1. Núñez Gil IJ, Luaces Méndez M, García-Rubira JC. Cardiopatía de estrés o síndrome de Tako-Tsubo: conceptos actuales. Rev Argent Cardiol 2009; 77(3):218-23.

2. Pelliccia F, Kaski JC, Crea F, Camici PG. Pathophysiology of Takotsubo Syndrome. Circulation. 2017; 135(24):2426-41.

3. Templin C, Ghadri JR, Diekmann J, Napp LC, Bataiosu DR, Jaguszewski M, et al. Clinical Features and Outcomes of Takotsubo (Stress) Cardiomyopathy. N Engl J Med 2015; 373(10):929-38.

4. Borchert T, Hübscher D, Guessoum CI, Lam TD, Ghadri JR, Schellinger IN, et al. Catecholamine-dependent b-adrenergic signaling in a pluripotent stem cell model of takotsubo cardiomyopathy. J Am Coll Cardiol 2017; 70(8):975-991.

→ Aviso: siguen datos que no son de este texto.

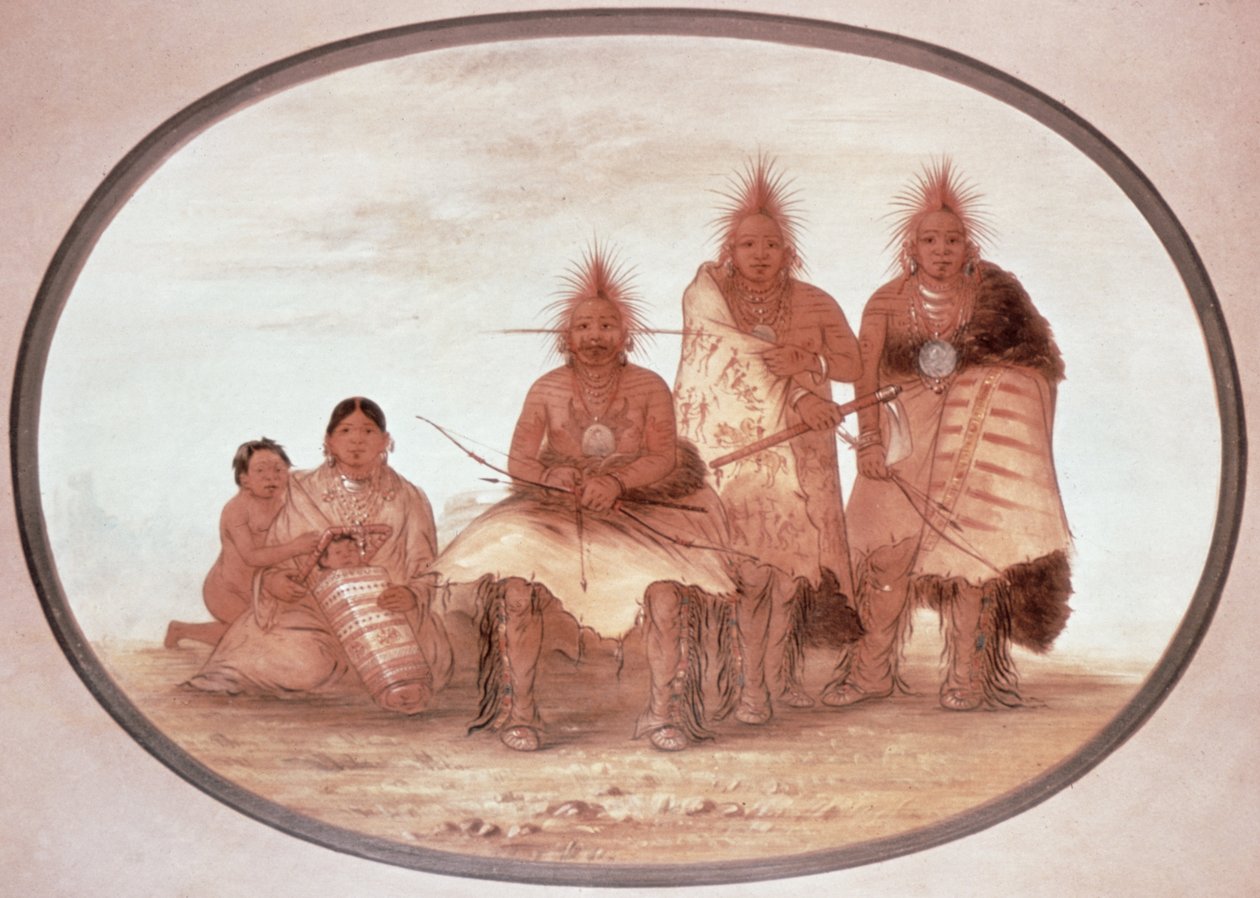 Pawnee Warriors, n. 1832 (väri litho) tekijältä George Catlin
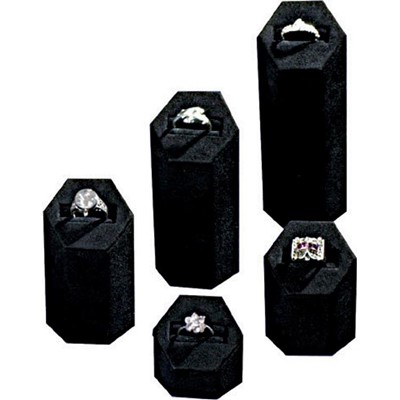 Black Suedette Ring Columns - Set of 5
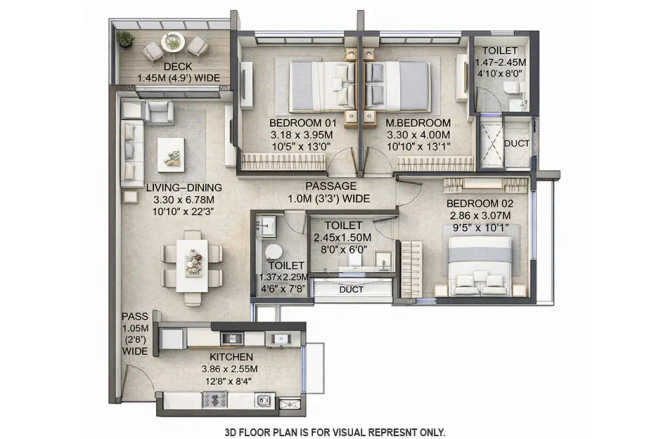 Wadhwa Solis Mulund - Floor plan 3 BHK 870 Sq.ft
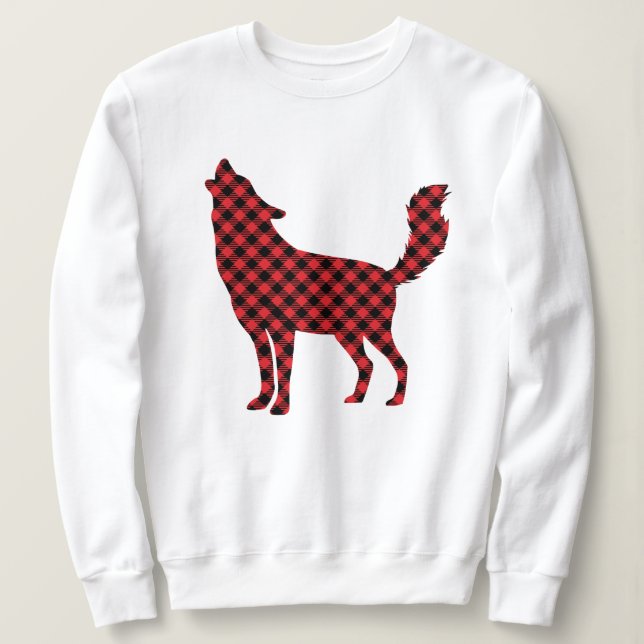 Röd rutig vargtröja - Skogsjul T Shirt (Design framsida)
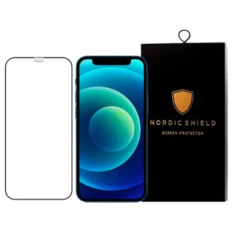 Nordic Shield iPhone 12 Pro Max Skærmbeskyttelse 3D Curved Sort (Blister)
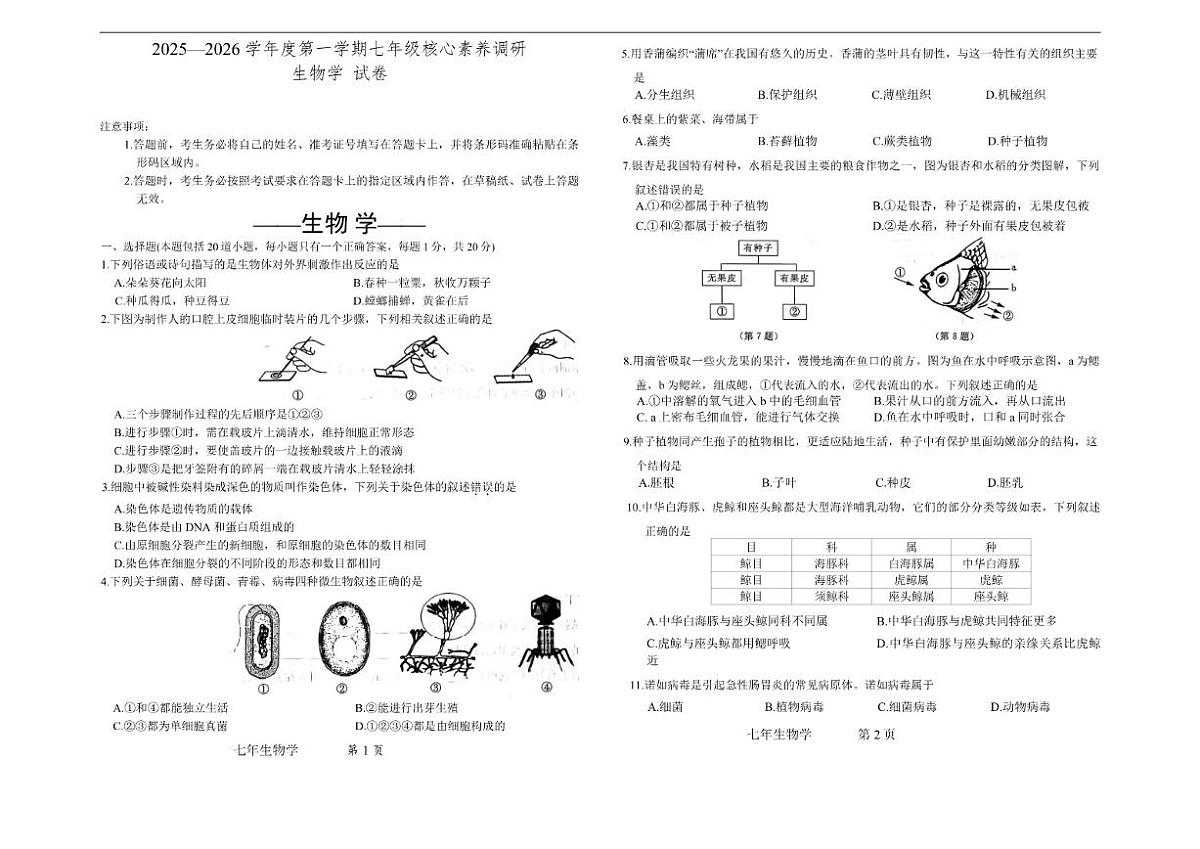 2025-2026学年吉林省长春市汽车经济技术开发区多校联考七年级上学期期末考试生物学试卷（有答案）第1页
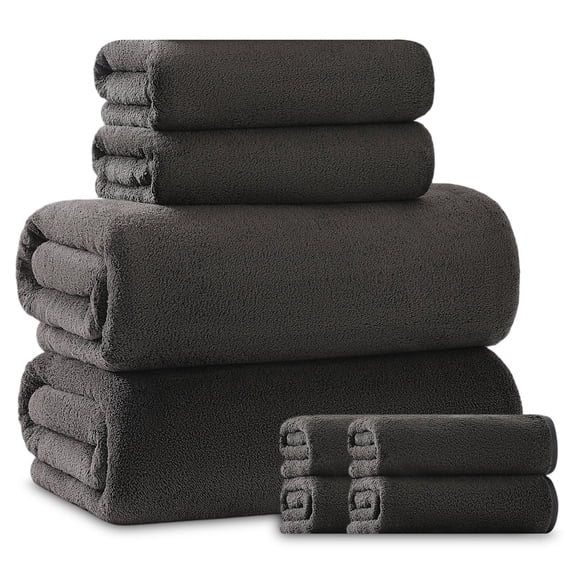 Beartech 8 Piece Bath Towels Set-2 Bath sheet,2 Hand Towel,4 Washcloths,Soft Lightweight Family Towel Highly Absorbent Microfiber Towel Quickly Dry & Less Lint Shower towel for Bathroom-Coffee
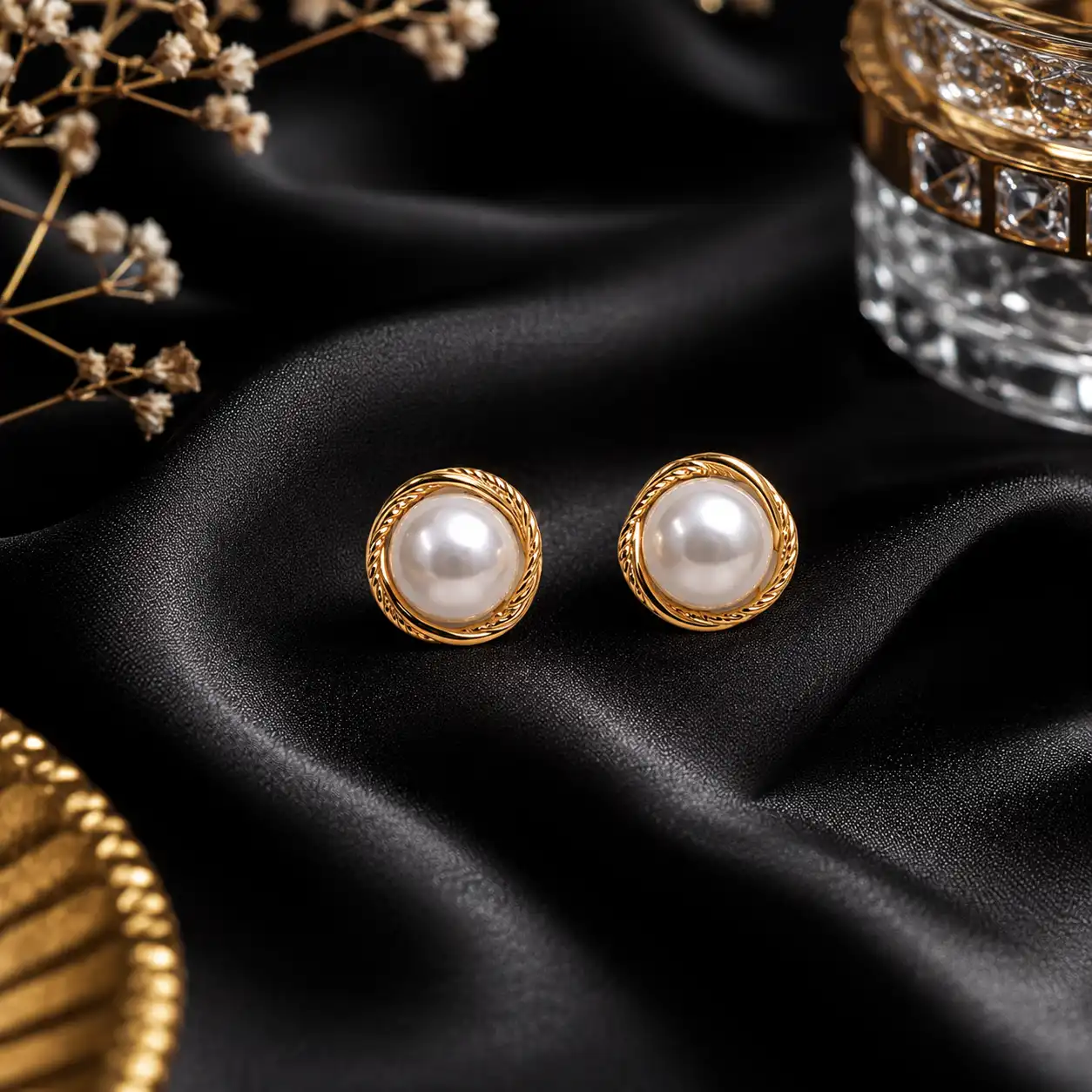 Pearl Halo Studs 1 Pearl Halo Studs - Image 1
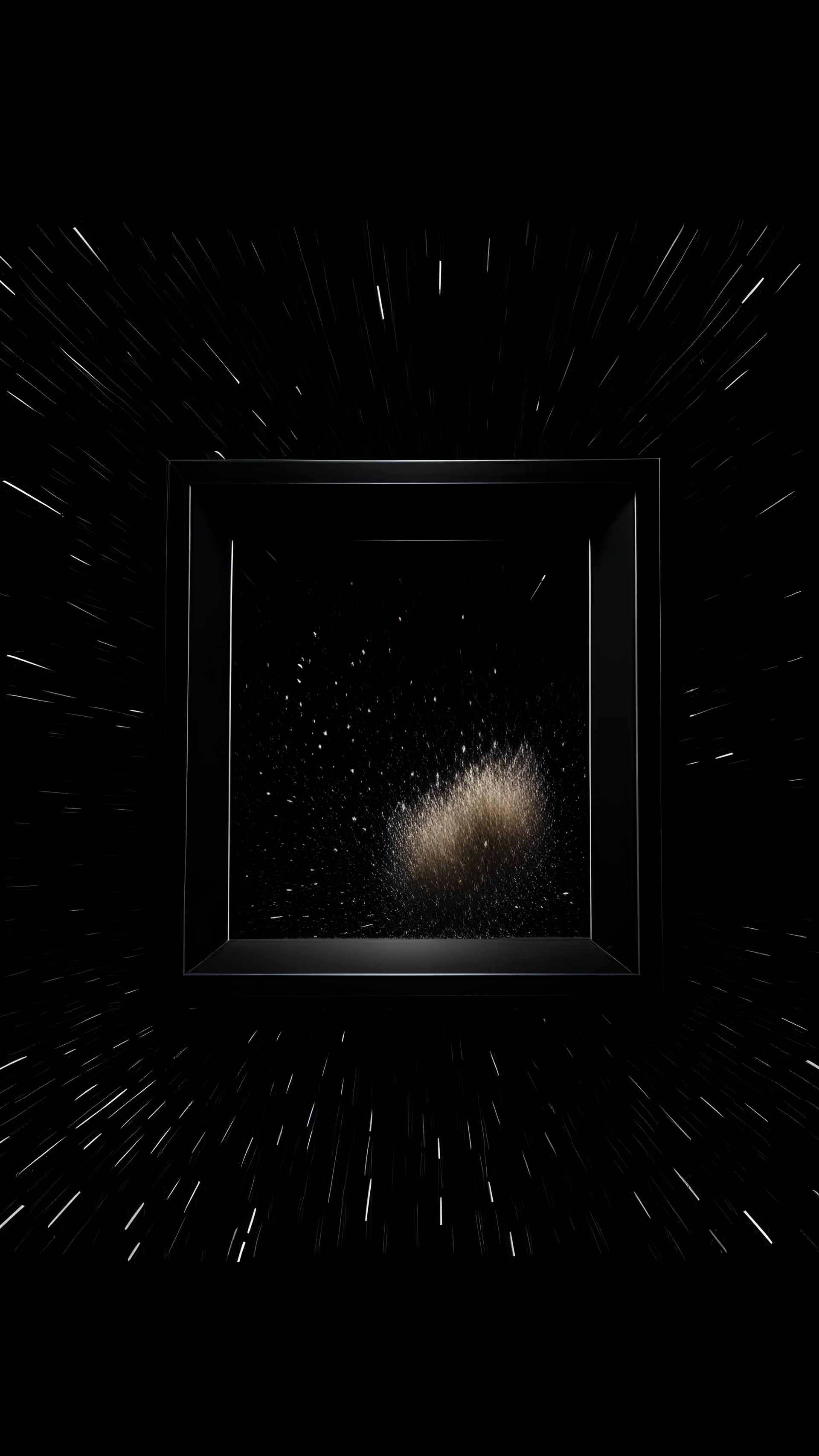 A electric, energetic, magnetic, full of energy, hyper realistic, organic, glowing rectangle shaped frame floating black space surrounded with energic particles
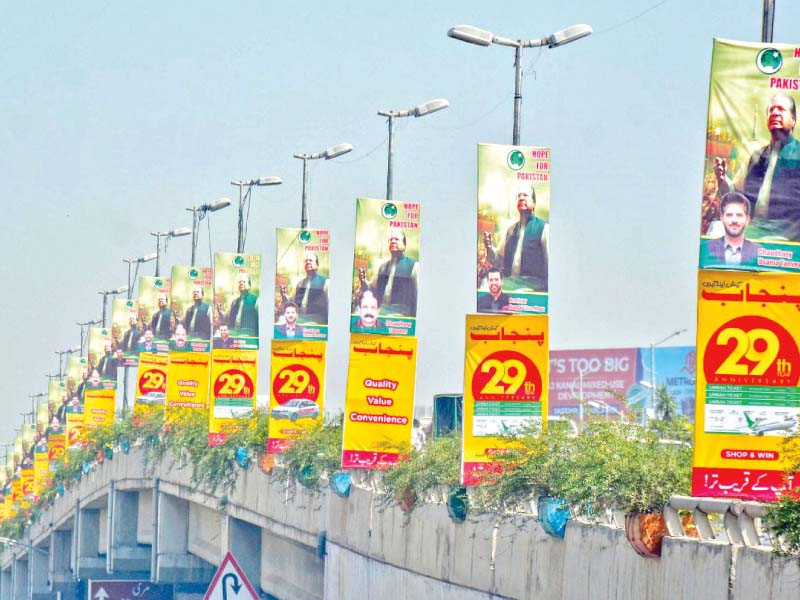 a view of the banners put up across the garrison city on the occasion of the arrival of former prime minister and pml n chief mian muhammad nawaz sharif photo agha mahroz express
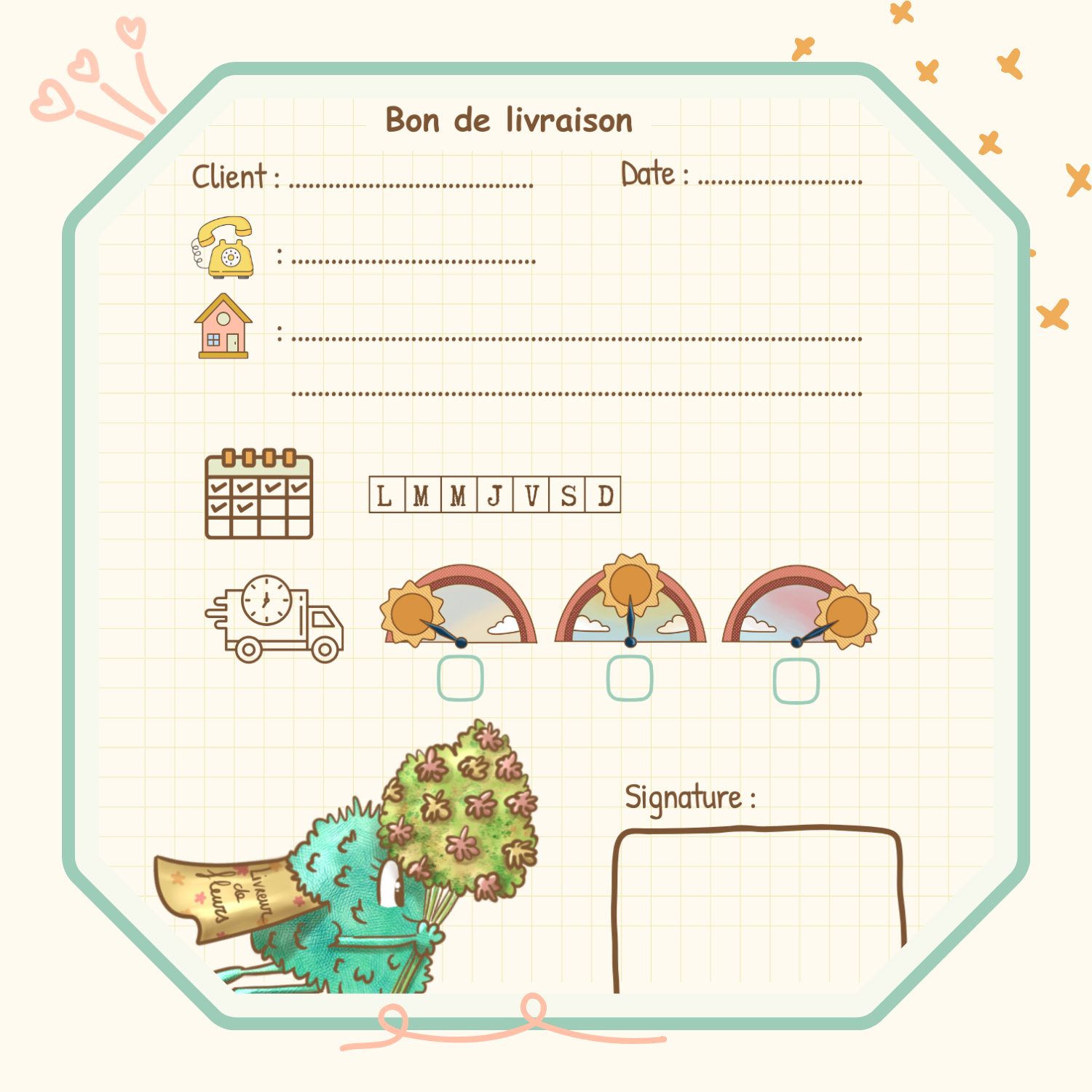 Recharge Bon de livraison - Kit papeterie à jouer au fleuriste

5. Gowdar S, Chhabra L. Takotsubo cardiomyopathy outcomes should be stratified based on the triggering etiology. J Am Coll Cardiol 2016; 68(15):1708-1709.

6. Lyon AR, Bossone E, Schneider B, Sechtem U, Citro R, Underwood SR, et al. Current state of knowledge on Takotsubo syndrome: a position statement from the Task Force on Takotsubo Syndrome of the Heart Failure Association of the European Society of Cardiology. Eur J Heart Fail 2016; 18(1): 8-27.